* [Input data]:
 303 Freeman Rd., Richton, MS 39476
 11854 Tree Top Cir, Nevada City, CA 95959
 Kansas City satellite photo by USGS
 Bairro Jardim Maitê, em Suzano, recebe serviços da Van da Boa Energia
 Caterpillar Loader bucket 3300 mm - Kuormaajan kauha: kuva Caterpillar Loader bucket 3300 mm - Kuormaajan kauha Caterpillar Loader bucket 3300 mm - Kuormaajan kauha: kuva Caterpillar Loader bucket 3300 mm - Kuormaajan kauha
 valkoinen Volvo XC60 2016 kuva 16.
...
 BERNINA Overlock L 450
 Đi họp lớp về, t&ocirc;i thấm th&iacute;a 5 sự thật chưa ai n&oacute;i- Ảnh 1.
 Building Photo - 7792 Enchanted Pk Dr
---
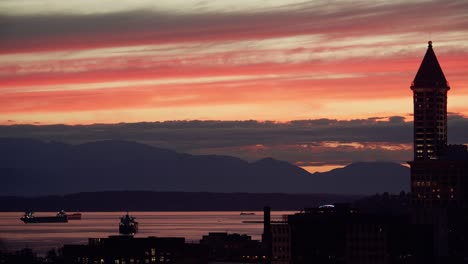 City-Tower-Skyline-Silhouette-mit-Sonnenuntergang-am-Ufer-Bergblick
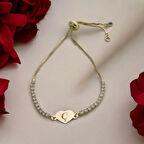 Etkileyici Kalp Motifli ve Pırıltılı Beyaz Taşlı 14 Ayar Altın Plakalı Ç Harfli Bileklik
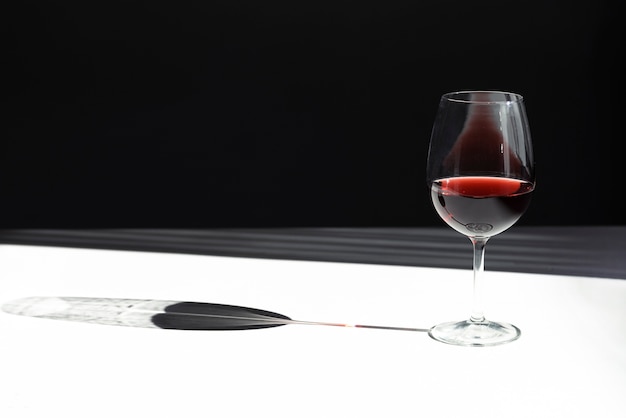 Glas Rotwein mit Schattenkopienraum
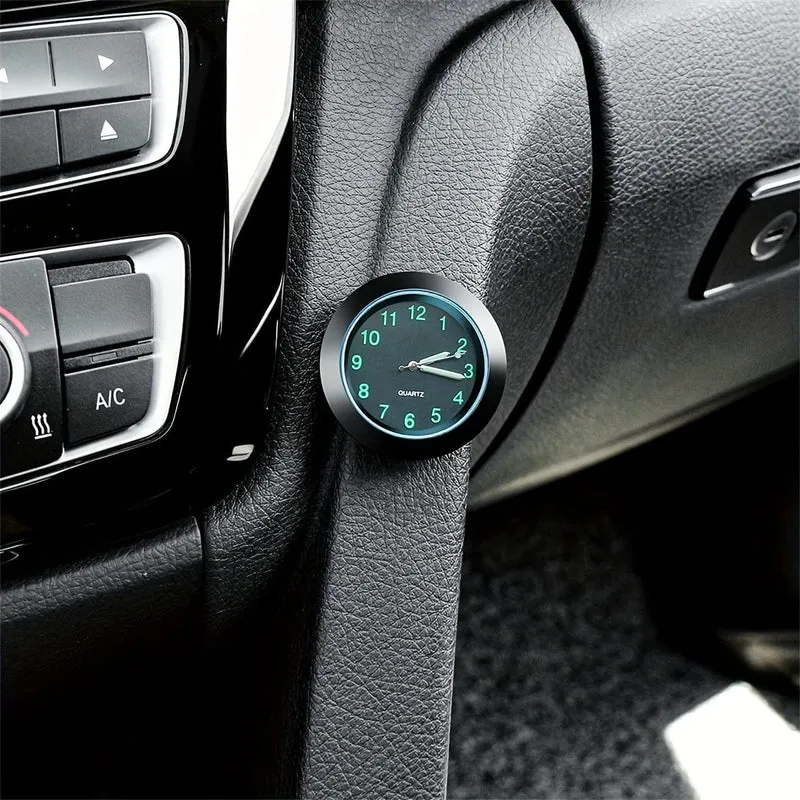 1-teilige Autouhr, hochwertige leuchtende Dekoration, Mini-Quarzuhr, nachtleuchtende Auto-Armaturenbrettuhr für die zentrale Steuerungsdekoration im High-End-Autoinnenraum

* [Work to complete]: Of the entries above, repeat exactly the lines from the line with "Kansas City satellite photo by USGS" through the line with "valkoinen Volvo XC60 2016 kuva 16.", both of them included.

* [Reply]:
 Kansas City satellite photo by USGS
 Bairro Jardim Maitê, em Suzano, recebe serviços da Van da Boa Energia
 Caterpillar Loader bucket 3300 mm - Kuormaajan kauha: kuva Caterpillar Loader bucket 3300 mm - Kuormaajan kauha Caterpillar Loader bucket 3300 mm - Kuormaajan kauha: kuva Caterpillar Loader bucket 3300 mm - Kuormaajan kauha
 valkoinen Volvo XC60 2016 kuva 16.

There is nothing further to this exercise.